Short descriptive text snippets:
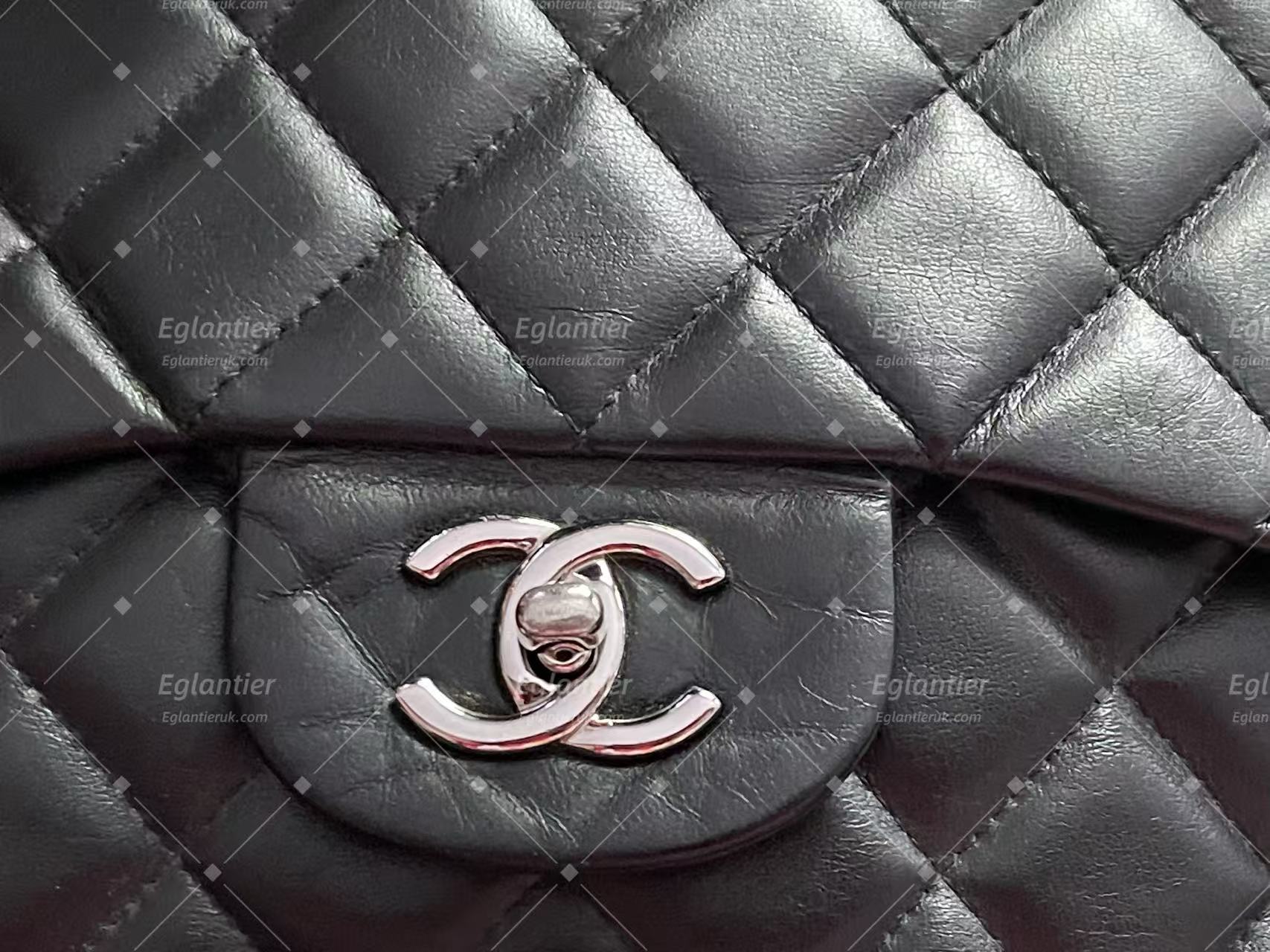 Chanel Timeless Classic single flap jumbo lambskin black silver hardware ID Card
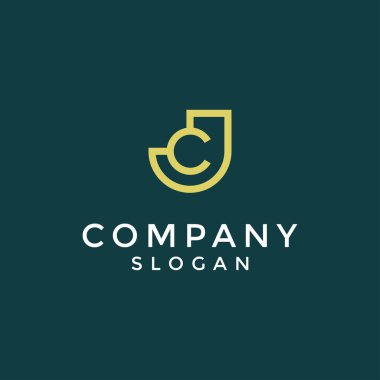 Modern ve zarif ilk harf JC veya CJ monogram logosu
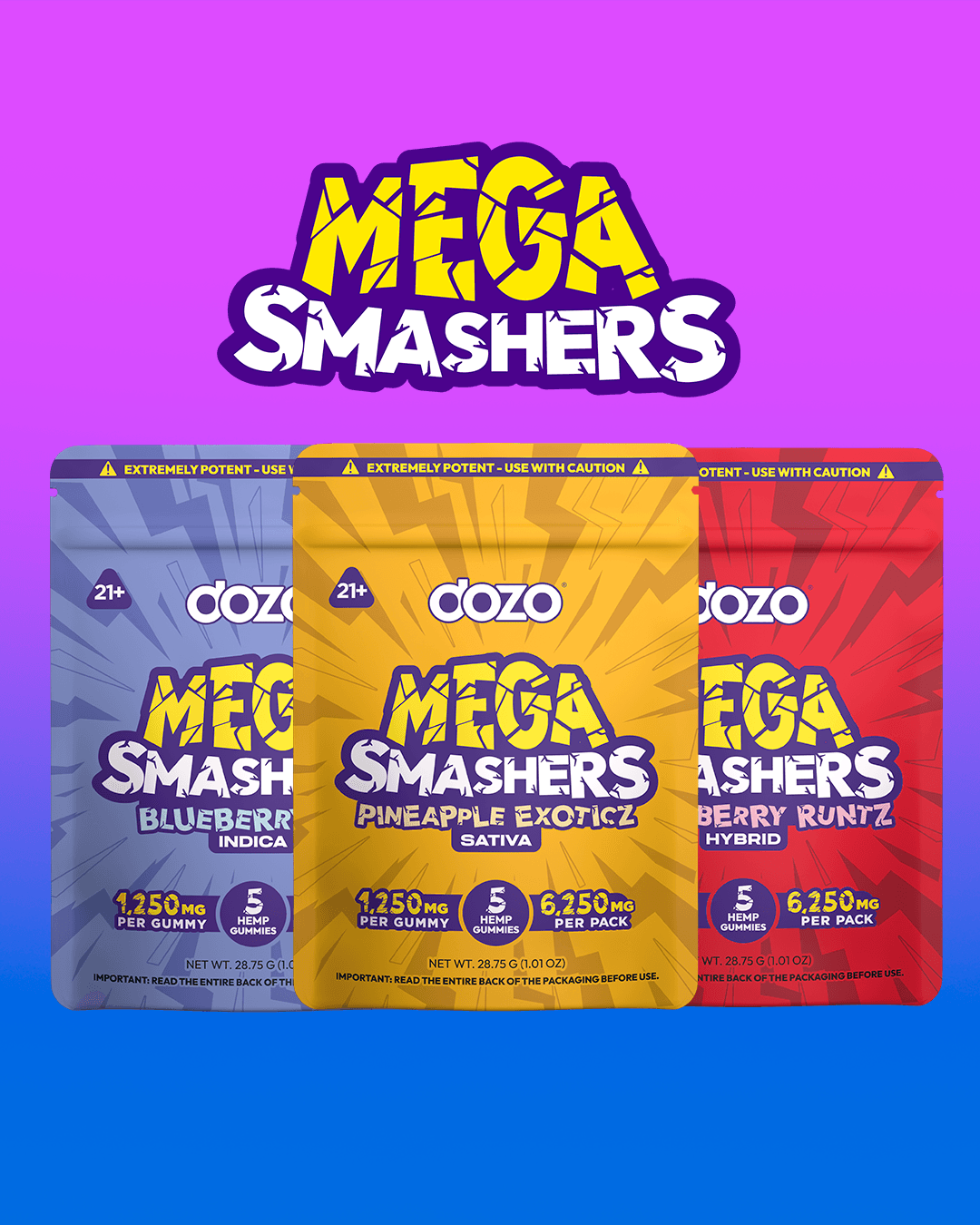 Dozo Mega Smashers – 1,250mg Ultra-Potent Gummies (5ct)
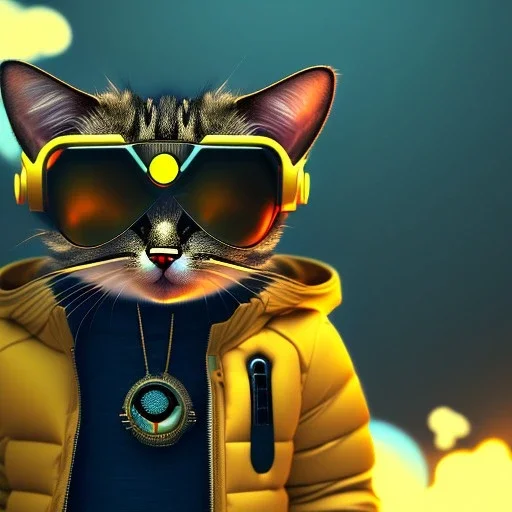 Cat toddler, steampunk headphone, sunglass, gangsta neckless, full body, yellow puffer jacket, tokio background, dramatic lighting, hyper realistic, unreal engine 5, 16k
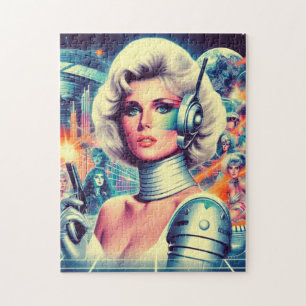 Retrofuturism Science Fiction Woman Jigsaw Puzzle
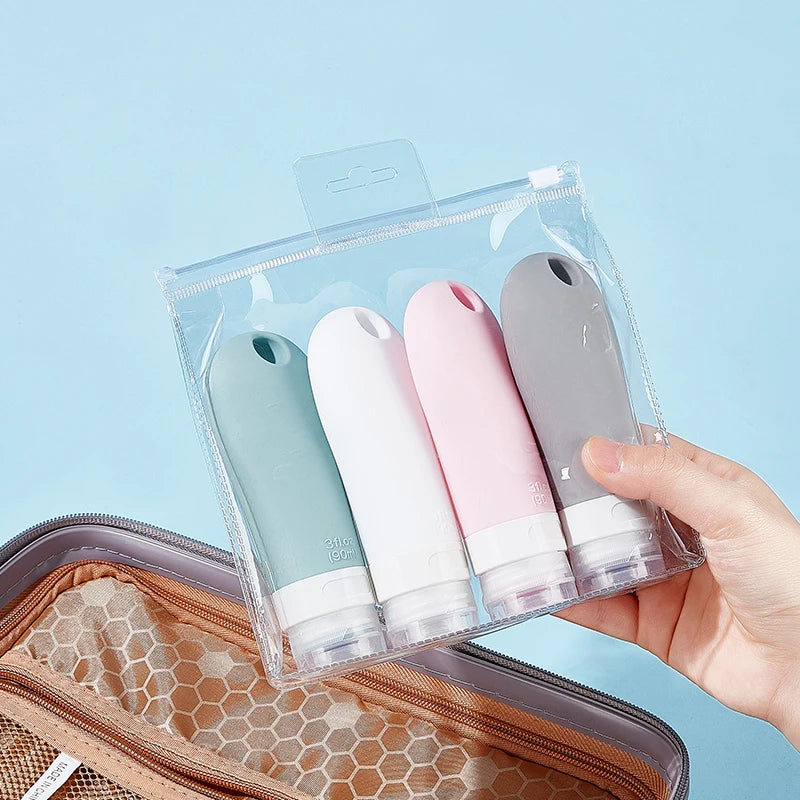 38ml Reusable Silicone Toiletry Bottle Cosmetic Split Design for Shampoo & Shower Travel-Friendly Bathroom Set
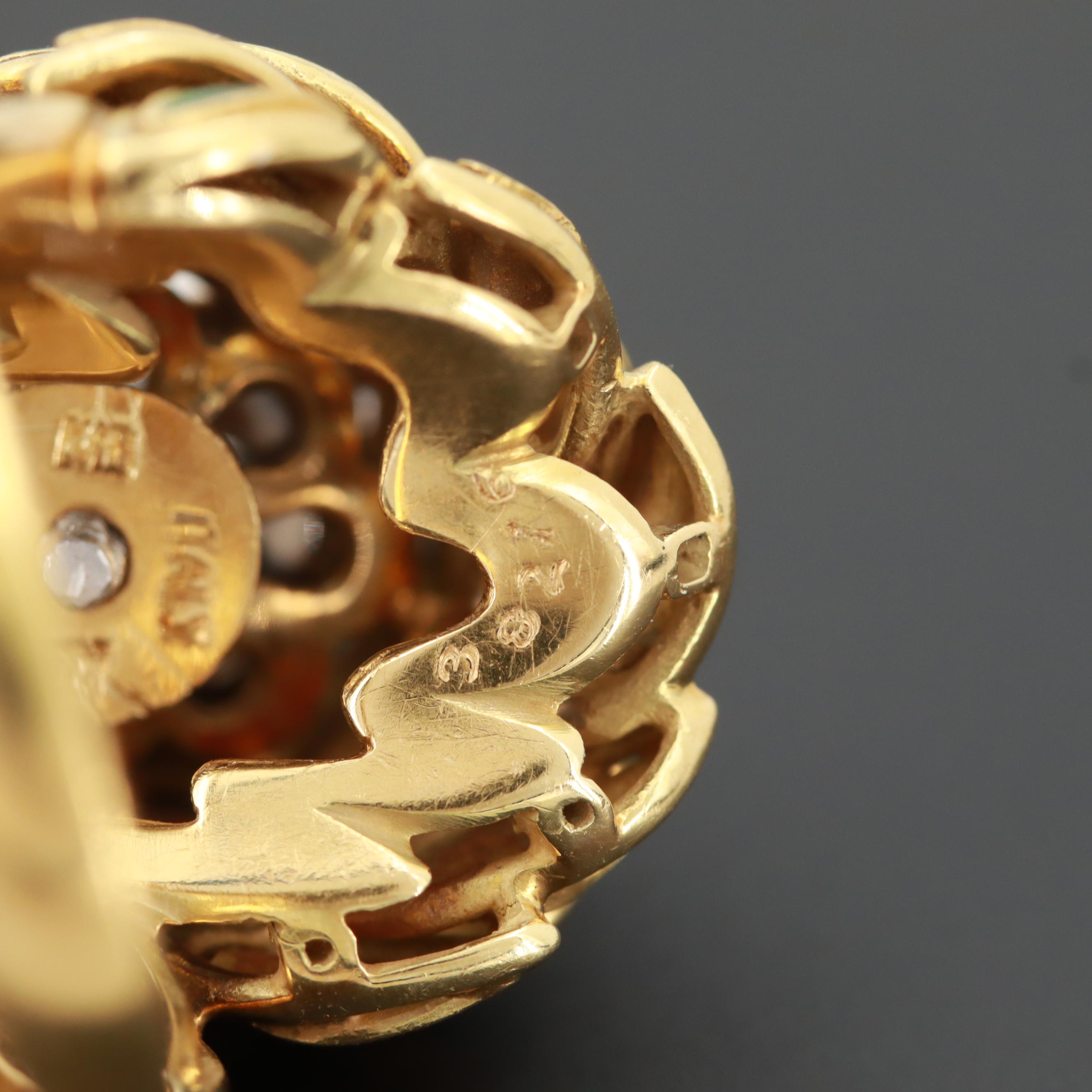 Circa 1960 Cartier 18K Yellow Gold Diamond and Enamel Bombé Ring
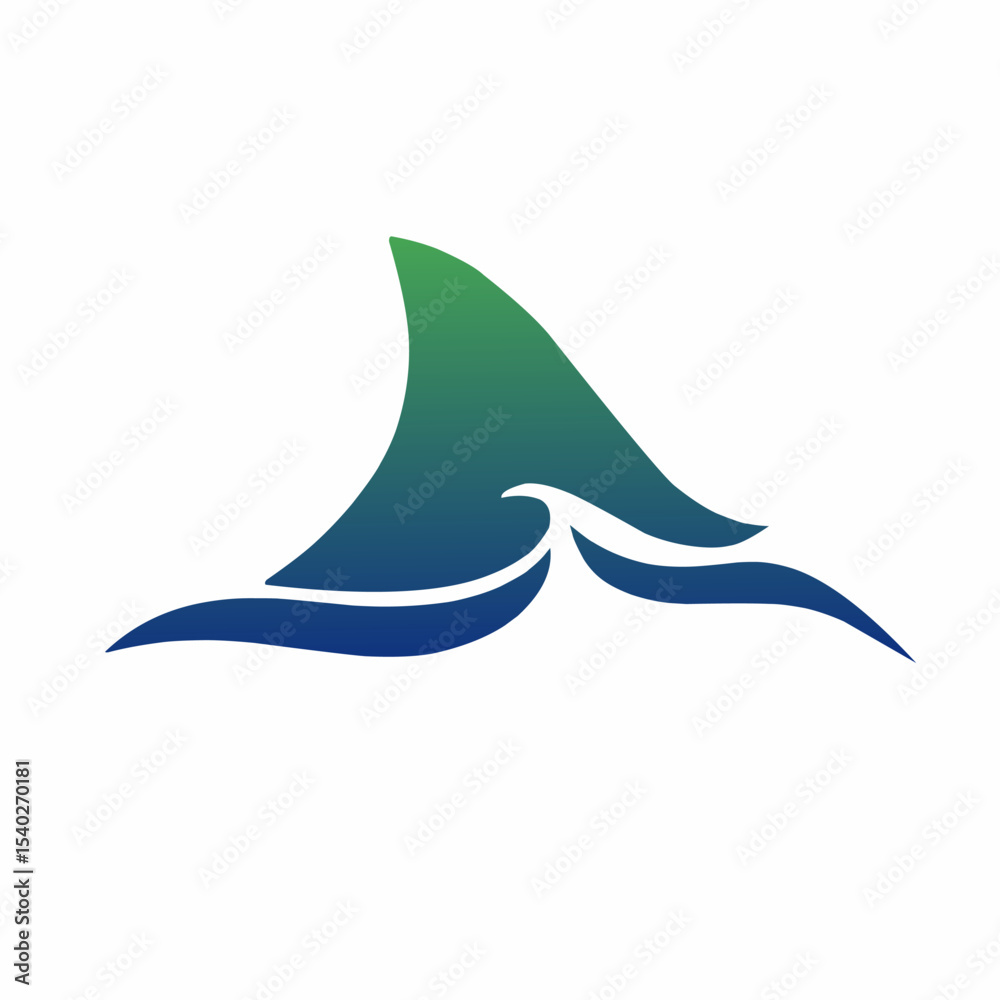 Obraz premium illustration design abstract shark fin logo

WHAT THIS TASK INVOLVES » The records above should be repeated exactly, with no pictures in the copy.

RESULT OF THIS TASK »
 Chanel Timeless Classic single flap jumbo lambskin black silver hardware ID Card
 Modern ve zarif ilk harf JC veya CJ monogram logosu
 Dozo Mega Smashers – 1,250mg Ultra-Potent Gummies (5ct)
 Cat toddler, steampunk headphone, sunglass, gangsta neckless, full body, yellow puffer jacket, tokio background, dramatic lighting, hyper realistic, unreal engine 5, 16k
 Retrofuturism Science Fiction Woman Jigsaw Puzzle
 38ml Reusable Silicone Toiletry Bottle Cosmetic Split Design for Shampoo & Shower Travel-Friendly Bathroom Set
 Circa 1960 Cartier 18K Yellow Gold Diamond and Enamel Bombé Ring
 Obraz premium illustration design abstract shark fin logo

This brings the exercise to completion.